I am looking at a video of the European Parliament on the other BBC’s website. They are arguing about Gibraltar. There is nothing new in this; they have been arguing about Gibraltar for over 300 years and they will probably be arguing about it for the next 300. Brexit has put it back on the table.
Guy Verhofstadt, one of the lead negotiators for the EU in the months that will follow, fires the opening shots. He declares that Brexit is a mistake, a “cat fight within the conservative party” which Britain will one day regret.
Nigel Farage, the most prominent Eurosceptic in the chamber, turns the ship to return fire. He takes one look at his notes, puts down the paper and lights the cannons. The volley of shots thunders across the floor. He is a good speaker, you must say that. His rhetoric is clear, well articulated and pregnant with emotion. I don’t like him, but I enjoy listening to him.
Verhofstadt is the archetypal Eurocrat. There is no emotion in his voice, his eyes seldom stray far from the paper. He has his best lines written down but he is struggling to get them out of his mouth.
Farage has the best of it, that’s for sure. The wooden walls of the Eurocrat splinter and he sinks below the waterline.
It is a fight between a nuclear submarine and a tugboat. But unlike the sea, the European Parliament is not always a level playing field. MEPs have the choice of talking through an interpreter or choosing to speak English. If you are Belgian like Mr Verhofstadt then either way something will get lost in translation. The Englishman Farage has no such difficulties.
You can never underestimate the advantage of being an English native speaker. In debates like this it gives Farage a full deck of torpedos while the Belgian is loading cannons with tennis balls.
Verhofstadt speaks good English but will never be as good as Farage. Most politicians do not trust themselves to speak a foreign language in public for fear of making mistakes. Angela Merkel’s English is excellent but you will never hear it in her speeches. Vladimir Putin, never exactly an Anglophile, also has a good command of the language but rarely uses more than the occasional polite phrase when the cameras are there. Michel Barnier, the EU’s other top negotiator, has said that he will only communicate in French during the negotiations because he does not want to be misunderstood. Let’s just hope that the Brexiteers remember to bring their phrase books.
Learning a language is not easy. Most British people barely even scratch the surface of the complexities involved. Far too many British tourists order croissants and jam in their broken school French and claim parity with Voltaire –but they are not even close to understanding what it’s like to learn a language.
The formalities and practicalities are immense. Here’s a story for you:
A colleague of mine teaches German to Syrian refugees. As in Britain, the general public feels that immigrants must “learn the language”. I could not agree more. So my colleague must teach the Syrians German. To do this, she first needs to teach them to write. Not “learn the western alphabet”. Write. They are also illiterate in Arabic.
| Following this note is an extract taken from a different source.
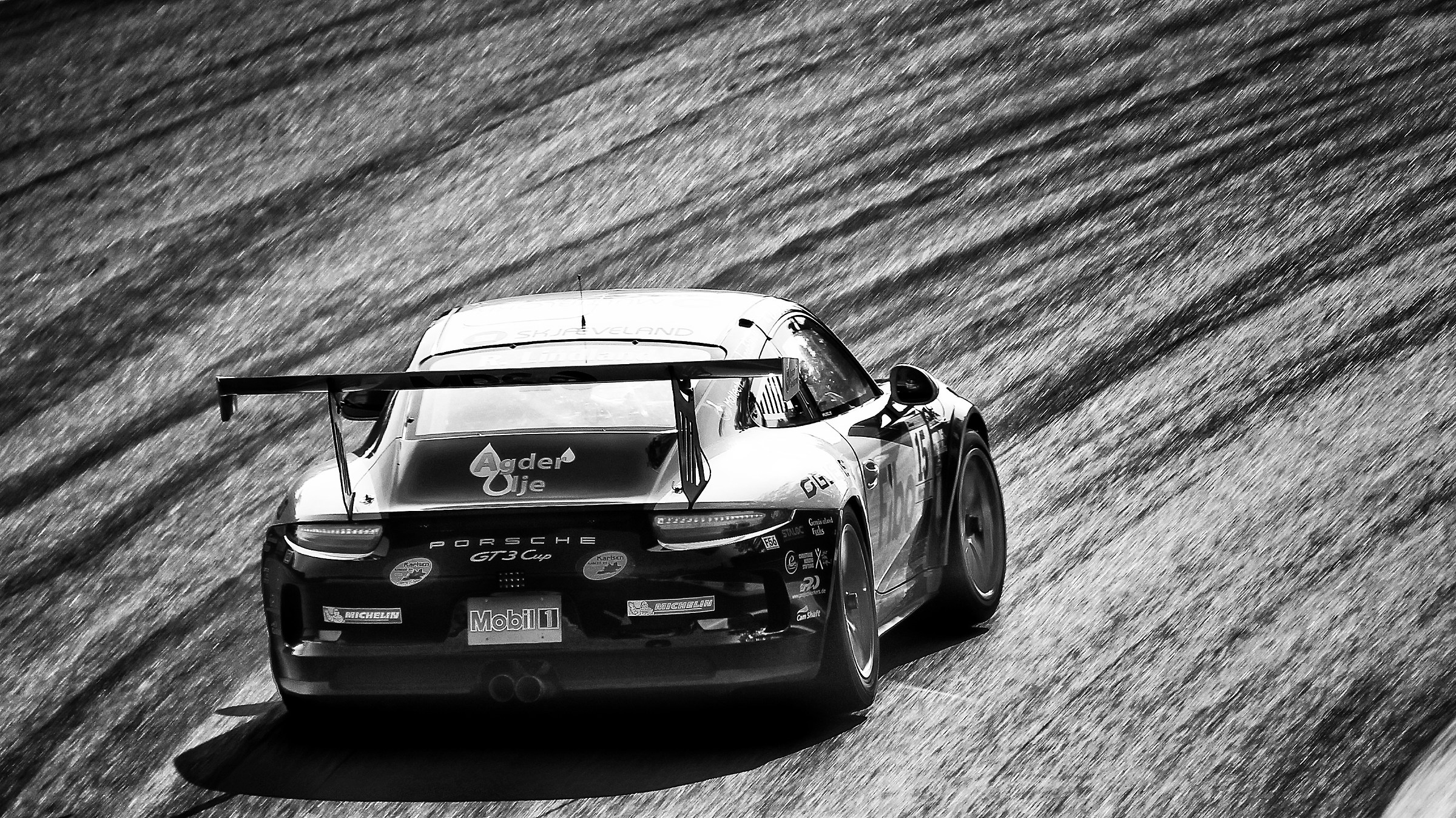 Porsche Supercup - Monza 2016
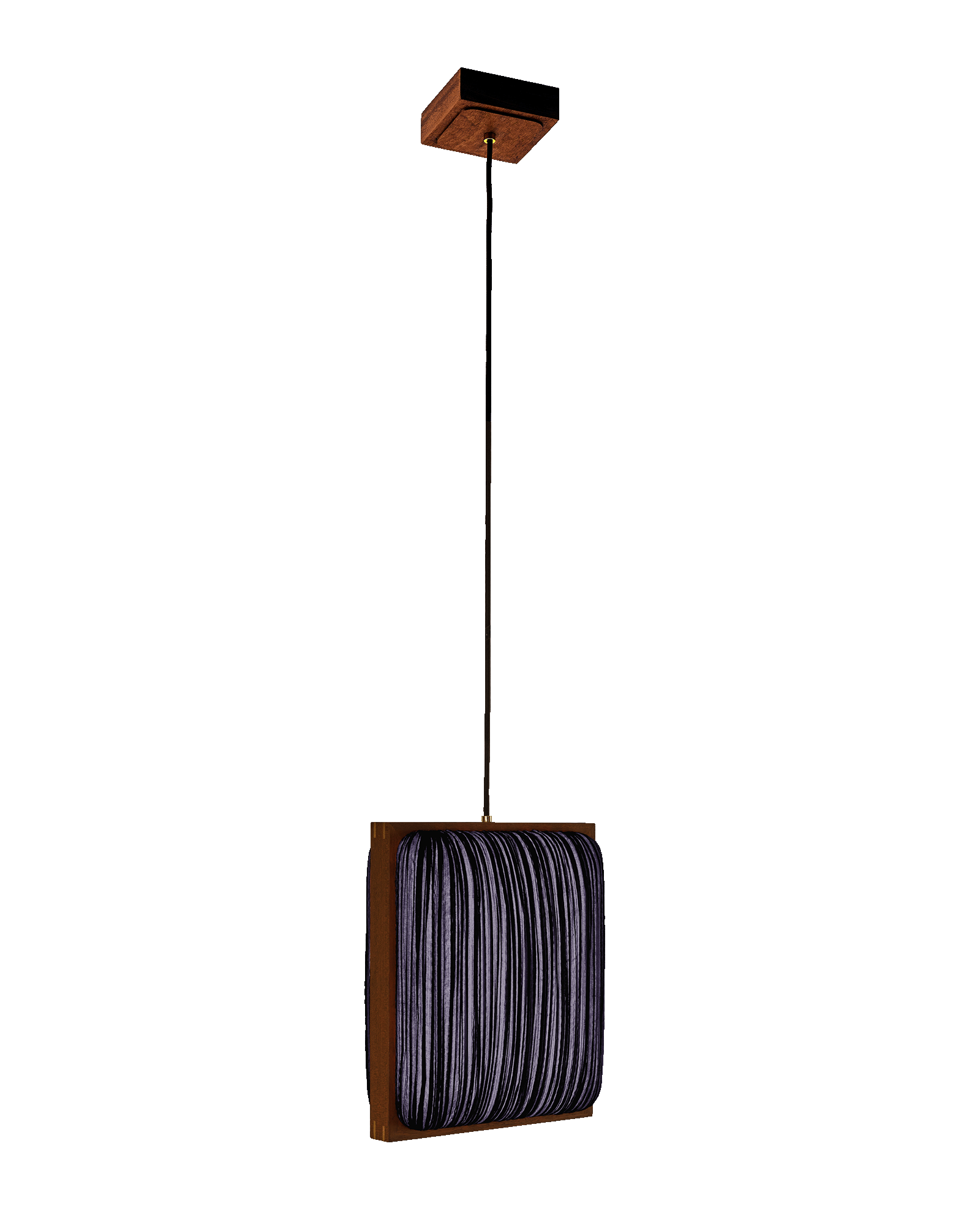 Simon Says Yes Pendant Light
She has a book and so they start to learn to write. Lesson one is how to hold a pen correctly. So is lesson two, lesson three and lesson four. She speaks no Arabic, they speak only Arabic. Some weeks later they can open the book. Later still they are taught the functions of nouns, verbs and adjectives. They must colour the nouns in red, the verbs in blue and the adjectives in black. They have been given one black pen each.
Most of us can hold a pen and distinguish a verb from an adjective. But learning a foreign language often makes you feel like a naughty little schoolboy. You make grammatical mistakes in your mid 30s that native-born six-year olds do not make. You make an idiot of yourself on a daily basis, often for many years.
You say the strangest of things. When I was in France I once said that if you had a mouse on your face then people would always like you. I meant to say a smile.
French is harmless compared to German. In German I once told my students that when I had important customers then I wore a sanitary towel. I meant to say a tie. I explained to a group of engineers the value of a good lubricant. I got the wrong word for “lubricant”. I once suggested to my colleagues that we should go to the Irish pub because it was a good place to for an orgy. I meant to say that it’s easy to get to by public transport.
I am not alone in my weirdness. An English friend of mine once tried to tell his mother-in-law that he had taken the cat to the vet to get its paws trimmed. He got the word for “paw” wrong. The word he actually said is also a body part and can also be trimmed –typically before photo shoots for Playboy.
It is an embarrassing process and it is a slow process. It’s like building the Trump Tower using Lego bricks. And yet you get there in the end. I often think that we spend so much time criticising immigrants who don’t speak the language that we lose respect for the ones that do.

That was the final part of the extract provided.